Corixa ( CRXA) said late Monday that U.S. drug regulators have returned its experimental cancer drug Bexxar to active review status after accepting new safety data.

As a result, the Seattle-based biotech firm said the Food and Drug Administration should complete its review of Bexxar by May 2, 2003. The drug was already scheduled for review by an FDA advisory panel on Dec. 17.

Last March, the FDA issued a complete review letter on Bexxar, rejecting approval based on the need to conduct additional studies to assess the drug's safety and efficacy. Corixa successfully appealed the FDA decision in June. Monday, the company said data resubmitted in March and October have satisfied the agency's outstanding issues and concerns outlined in its original complete review letter.
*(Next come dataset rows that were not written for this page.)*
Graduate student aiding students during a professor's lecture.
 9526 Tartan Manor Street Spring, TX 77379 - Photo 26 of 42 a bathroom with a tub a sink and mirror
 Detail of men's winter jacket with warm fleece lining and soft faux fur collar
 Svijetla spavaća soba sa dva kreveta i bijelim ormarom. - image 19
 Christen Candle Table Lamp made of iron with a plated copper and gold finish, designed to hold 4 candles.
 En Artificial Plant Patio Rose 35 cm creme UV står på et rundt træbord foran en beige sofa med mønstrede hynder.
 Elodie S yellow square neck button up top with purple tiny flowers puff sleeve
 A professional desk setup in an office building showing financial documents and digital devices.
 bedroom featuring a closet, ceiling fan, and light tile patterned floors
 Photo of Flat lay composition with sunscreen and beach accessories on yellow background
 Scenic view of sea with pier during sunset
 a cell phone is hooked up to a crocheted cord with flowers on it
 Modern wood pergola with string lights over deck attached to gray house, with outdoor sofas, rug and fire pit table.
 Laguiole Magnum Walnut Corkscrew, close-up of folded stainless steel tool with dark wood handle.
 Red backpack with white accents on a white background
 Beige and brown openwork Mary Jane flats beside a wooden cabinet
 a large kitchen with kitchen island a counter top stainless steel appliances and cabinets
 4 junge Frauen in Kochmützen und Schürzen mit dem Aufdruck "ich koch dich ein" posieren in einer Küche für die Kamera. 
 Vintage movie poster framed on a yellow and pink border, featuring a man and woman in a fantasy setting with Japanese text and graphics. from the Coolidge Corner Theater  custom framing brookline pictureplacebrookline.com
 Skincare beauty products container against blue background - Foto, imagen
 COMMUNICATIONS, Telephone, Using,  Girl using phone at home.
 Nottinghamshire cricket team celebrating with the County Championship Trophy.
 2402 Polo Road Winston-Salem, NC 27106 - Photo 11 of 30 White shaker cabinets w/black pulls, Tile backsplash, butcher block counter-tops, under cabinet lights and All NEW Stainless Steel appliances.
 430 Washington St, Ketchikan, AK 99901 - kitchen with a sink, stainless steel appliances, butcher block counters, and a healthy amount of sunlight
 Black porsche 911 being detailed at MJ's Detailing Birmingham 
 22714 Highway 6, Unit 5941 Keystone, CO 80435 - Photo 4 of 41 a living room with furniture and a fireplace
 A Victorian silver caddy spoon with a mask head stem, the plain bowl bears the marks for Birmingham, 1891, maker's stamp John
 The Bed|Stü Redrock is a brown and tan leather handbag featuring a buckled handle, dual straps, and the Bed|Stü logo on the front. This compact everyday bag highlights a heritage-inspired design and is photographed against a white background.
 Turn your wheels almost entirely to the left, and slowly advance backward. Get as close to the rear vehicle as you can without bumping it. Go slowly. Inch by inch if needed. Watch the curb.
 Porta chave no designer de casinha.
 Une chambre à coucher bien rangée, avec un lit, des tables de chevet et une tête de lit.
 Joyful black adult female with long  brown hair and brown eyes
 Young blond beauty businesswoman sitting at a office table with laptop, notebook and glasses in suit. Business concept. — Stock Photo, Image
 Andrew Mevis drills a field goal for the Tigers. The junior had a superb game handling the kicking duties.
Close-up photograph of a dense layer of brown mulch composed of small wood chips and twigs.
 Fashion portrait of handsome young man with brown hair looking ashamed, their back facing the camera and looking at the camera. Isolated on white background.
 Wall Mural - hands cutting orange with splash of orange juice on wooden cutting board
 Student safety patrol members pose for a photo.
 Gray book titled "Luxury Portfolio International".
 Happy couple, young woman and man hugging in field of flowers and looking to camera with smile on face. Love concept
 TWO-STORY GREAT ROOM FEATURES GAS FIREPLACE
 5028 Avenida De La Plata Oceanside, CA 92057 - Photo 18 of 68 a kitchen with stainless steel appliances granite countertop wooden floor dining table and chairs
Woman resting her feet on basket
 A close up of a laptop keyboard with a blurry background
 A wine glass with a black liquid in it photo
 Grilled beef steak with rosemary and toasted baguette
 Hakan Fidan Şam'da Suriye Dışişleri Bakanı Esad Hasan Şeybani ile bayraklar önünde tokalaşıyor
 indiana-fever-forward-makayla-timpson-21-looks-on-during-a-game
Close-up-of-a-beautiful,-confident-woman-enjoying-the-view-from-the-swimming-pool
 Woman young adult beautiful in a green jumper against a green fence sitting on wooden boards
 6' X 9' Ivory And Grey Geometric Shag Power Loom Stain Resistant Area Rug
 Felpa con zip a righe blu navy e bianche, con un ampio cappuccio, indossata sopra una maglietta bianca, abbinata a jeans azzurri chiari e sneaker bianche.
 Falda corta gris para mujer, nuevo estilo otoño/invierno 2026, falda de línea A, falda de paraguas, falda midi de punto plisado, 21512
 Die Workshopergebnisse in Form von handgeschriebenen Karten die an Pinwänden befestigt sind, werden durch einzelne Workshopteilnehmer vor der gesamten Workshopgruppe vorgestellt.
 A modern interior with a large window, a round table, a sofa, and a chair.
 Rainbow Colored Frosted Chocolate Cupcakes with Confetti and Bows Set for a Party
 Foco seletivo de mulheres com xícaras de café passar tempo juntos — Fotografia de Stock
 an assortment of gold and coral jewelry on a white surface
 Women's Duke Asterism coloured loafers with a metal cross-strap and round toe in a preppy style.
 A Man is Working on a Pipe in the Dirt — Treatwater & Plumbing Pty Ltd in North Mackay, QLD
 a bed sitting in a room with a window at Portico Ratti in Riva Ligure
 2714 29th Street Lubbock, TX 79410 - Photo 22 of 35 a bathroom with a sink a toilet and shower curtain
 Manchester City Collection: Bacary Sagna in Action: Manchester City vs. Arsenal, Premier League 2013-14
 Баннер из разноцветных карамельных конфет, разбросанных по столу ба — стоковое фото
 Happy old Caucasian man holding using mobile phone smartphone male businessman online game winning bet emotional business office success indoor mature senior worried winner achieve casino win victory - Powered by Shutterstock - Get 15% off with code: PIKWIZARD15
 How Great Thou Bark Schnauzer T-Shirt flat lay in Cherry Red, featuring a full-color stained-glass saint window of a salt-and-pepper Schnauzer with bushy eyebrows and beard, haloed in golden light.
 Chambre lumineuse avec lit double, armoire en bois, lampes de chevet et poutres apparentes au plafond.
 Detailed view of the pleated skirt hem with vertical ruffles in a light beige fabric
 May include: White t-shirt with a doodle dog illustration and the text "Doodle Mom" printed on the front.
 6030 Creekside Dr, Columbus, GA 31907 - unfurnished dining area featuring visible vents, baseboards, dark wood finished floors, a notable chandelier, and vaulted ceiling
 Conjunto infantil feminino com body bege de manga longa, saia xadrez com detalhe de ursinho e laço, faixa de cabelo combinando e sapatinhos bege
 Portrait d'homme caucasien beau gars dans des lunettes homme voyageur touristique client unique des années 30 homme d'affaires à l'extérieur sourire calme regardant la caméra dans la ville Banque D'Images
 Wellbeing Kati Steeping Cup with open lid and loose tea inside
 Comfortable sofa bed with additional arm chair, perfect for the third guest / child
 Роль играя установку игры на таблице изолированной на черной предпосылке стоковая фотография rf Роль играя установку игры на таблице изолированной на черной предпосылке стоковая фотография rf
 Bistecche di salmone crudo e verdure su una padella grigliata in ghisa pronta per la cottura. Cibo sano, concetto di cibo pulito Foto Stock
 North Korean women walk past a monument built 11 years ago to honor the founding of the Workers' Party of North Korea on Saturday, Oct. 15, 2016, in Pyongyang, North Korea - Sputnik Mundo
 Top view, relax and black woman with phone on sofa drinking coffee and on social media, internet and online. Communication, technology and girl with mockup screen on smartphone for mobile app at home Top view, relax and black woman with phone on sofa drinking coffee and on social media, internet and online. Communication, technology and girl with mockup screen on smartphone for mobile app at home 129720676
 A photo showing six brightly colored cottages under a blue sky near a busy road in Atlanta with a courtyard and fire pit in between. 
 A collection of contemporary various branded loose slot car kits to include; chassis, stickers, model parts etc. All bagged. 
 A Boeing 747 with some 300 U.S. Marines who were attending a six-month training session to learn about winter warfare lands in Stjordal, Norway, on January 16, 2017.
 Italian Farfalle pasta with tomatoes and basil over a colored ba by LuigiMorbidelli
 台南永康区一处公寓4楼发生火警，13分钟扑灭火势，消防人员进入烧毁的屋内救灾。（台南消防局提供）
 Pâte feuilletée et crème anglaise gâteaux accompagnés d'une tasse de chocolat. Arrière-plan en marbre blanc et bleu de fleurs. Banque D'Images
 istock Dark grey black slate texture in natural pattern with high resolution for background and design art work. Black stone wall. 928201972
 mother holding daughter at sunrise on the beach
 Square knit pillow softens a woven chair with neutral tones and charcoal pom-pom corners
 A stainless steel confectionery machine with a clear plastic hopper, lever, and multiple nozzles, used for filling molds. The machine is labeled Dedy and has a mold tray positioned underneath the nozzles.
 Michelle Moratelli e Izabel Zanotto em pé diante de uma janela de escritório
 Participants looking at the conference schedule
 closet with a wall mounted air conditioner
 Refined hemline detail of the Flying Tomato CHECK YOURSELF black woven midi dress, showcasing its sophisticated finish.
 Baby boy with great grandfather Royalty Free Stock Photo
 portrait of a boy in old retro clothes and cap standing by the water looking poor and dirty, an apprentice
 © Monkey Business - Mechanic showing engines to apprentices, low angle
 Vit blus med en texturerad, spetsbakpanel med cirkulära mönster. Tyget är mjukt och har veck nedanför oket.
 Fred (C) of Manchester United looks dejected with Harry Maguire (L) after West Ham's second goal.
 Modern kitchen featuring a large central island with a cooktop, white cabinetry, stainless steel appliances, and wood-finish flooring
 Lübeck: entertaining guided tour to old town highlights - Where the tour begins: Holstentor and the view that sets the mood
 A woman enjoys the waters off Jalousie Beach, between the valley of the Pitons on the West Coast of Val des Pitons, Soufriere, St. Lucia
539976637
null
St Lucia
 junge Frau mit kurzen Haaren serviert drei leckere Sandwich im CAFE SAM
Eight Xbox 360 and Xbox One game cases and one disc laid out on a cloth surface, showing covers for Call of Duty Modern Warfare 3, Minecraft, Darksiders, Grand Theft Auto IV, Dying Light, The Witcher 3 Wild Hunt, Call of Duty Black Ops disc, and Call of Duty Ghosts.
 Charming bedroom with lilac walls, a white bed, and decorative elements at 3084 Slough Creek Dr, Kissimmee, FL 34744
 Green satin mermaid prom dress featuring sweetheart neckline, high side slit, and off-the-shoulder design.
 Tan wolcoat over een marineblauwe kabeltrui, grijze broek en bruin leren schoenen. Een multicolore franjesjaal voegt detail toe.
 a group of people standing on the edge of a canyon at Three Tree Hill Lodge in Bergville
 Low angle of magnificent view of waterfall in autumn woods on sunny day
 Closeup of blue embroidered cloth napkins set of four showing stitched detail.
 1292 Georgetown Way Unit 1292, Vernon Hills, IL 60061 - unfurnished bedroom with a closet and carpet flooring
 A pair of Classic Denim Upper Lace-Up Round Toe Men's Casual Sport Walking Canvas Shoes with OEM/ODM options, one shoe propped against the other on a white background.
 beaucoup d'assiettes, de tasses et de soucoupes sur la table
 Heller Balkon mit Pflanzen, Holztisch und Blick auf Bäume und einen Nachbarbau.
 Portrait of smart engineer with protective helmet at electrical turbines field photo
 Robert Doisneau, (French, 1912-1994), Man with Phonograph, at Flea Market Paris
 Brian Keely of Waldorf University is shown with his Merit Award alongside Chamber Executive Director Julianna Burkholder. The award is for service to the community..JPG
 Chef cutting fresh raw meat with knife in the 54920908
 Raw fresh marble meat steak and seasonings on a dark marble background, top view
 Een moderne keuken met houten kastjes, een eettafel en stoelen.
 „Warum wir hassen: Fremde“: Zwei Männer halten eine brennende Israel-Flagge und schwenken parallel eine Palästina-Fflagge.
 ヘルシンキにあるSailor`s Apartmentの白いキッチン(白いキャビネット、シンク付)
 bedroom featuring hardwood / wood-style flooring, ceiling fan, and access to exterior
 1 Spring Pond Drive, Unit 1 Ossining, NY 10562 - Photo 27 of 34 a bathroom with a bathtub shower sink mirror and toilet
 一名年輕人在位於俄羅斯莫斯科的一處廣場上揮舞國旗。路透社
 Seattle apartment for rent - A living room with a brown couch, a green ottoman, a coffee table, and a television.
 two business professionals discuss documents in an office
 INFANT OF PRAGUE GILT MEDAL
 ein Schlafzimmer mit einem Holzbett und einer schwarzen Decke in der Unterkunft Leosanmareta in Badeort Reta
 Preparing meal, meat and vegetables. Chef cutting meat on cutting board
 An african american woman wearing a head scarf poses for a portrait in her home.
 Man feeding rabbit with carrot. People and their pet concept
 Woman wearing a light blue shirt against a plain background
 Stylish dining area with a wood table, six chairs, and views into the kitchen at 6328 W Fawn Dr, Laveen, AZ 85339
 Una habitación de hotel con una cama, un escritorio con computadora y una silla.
Corixa is seeking Bexxar's approval as a new treatment for patients with advanced cases of non-Hodgkin's lymphoma. The drug, if approved, would compete directly against Zevalin, a similar drug marketed by Idec Pharmaceuticals ( IDPH).

European drugmaker GlaxoSmithKline ( GSK) is co-developing Bexxar with Corixa.

Corixa released the Bexxar news after Monday trading ended, but shares were up 21% to $8.35 in after-hours trading. The stock closed the regular session down 5% to $6.88.